My last visit was a quiet lunch, talking business and this one was a boisterous dinner surrounded by football fanatics, metaphorically speaking they enjoyed every moment of the Germans doing a Port wine reduction. Nonetheless I managed to focus on my food seldom stealing glances from the corner of my eye. The Ginger lemonade to begin was refreshing got my palate ready for the journey.
The Grilled Green Apple Galette with goat cheese and slow cooked onions on a biscuity crust was a fantastic in flavour. I would have loved a crumbly crust instead. The Oeuf en meurette (Egg preparation) on sharp garlic bread, sweet onions, soft mushrooms and the umami laden Meurette sauce with a poached egg on top was a good deal. Seems very breakfast, mid-morning like preparation but I did not care much.

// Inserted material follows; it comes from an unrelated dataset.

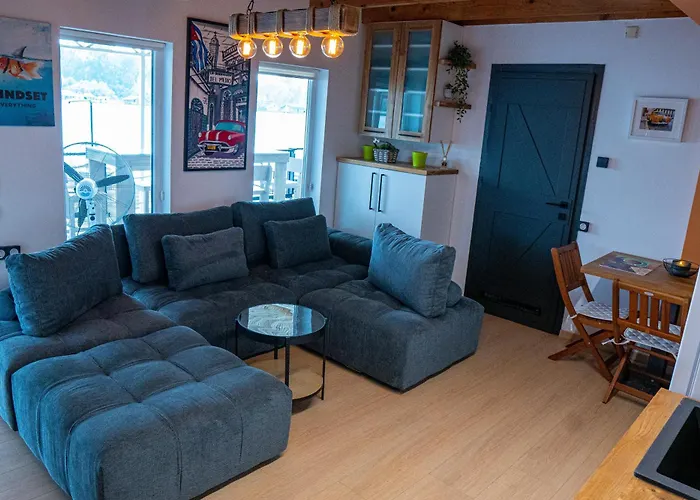 Unique River Houseboat *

The Asian raw and ripe mango salad with Alphonso slices, not to sour raw mangoes and raw papaya gave it the crunch but the dressing of light soy and chilli failed to take the salad home. The herb and Blue cheese quiche was divine, extremely light and rich with a soft crust. The herbs came through and so did the cheese, piquant salsa and the sweet wine reduction accentuated the dish even more, was clearly the winner for me that evening. We ended with the fresh Alphonso crepes, the crepes came topped with slices of luscious sweet mangoes and custard but what spoiled the show was the mangoes stuffed inside the crepes, they were sour. They have a few more vegetarian options in small plates and the mains like Yam batons, Brioche Mac n Cheese, Pumpkin Gnocchi Casserole etc and for desserts you could also try the Fig Chocolate and Kaffir lime crème Mille Feuille.

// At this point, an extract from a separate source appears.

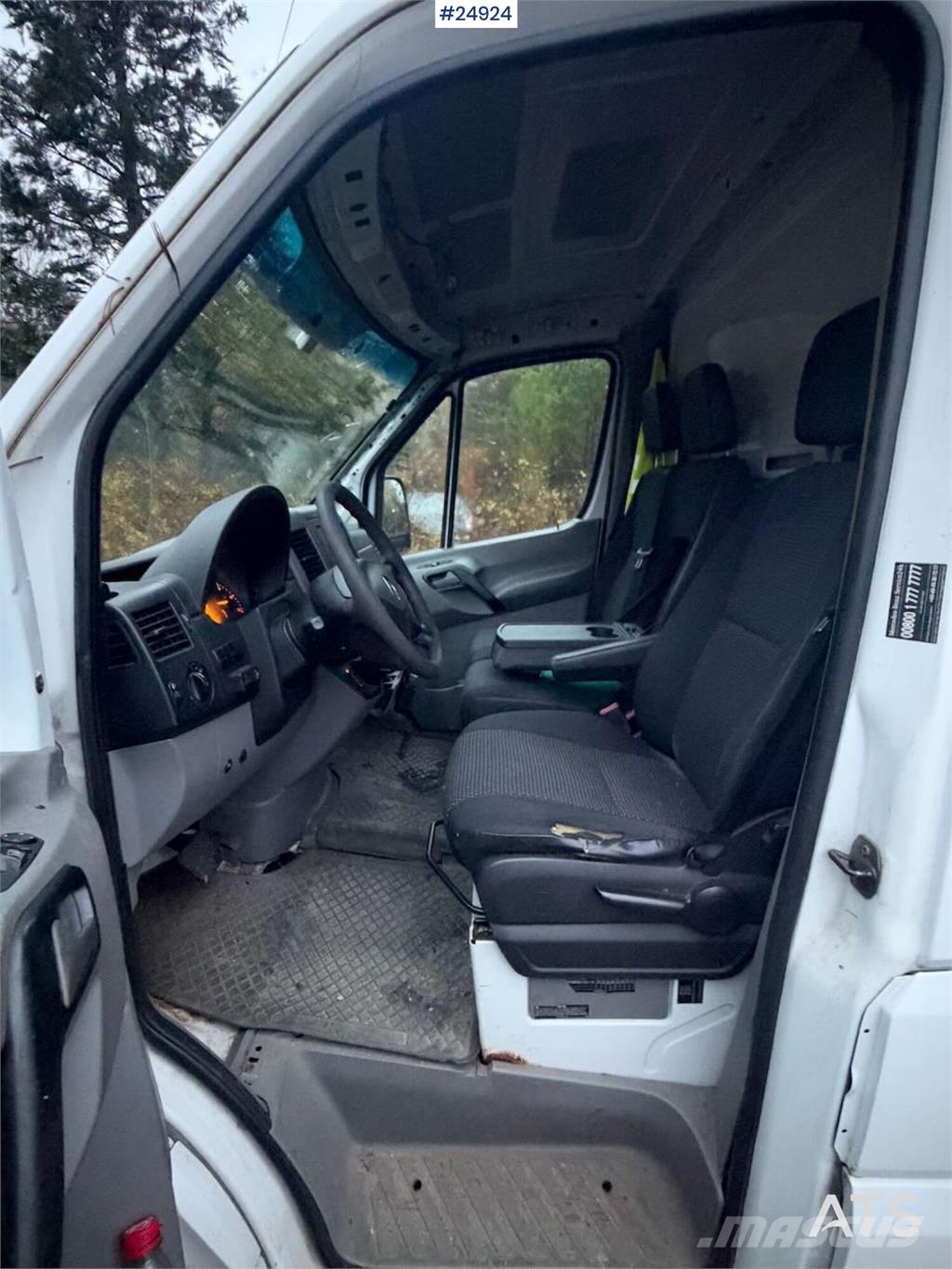 Mercedes-Benz Sprinter 8-pallet box truck – Engine replaced Box trucks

The edition 1 of culinary collaborations is on for another month. Go drop in to see some classic and some well thought of combinations. Sure they would have ironed out the small aforementioned kinks by the time this piece is out. This city needs more of such seasonal menus within existing establishments and this will get the Indian consumer who is usually rigid in her/his choices to experiment and improve the country’s foodscape.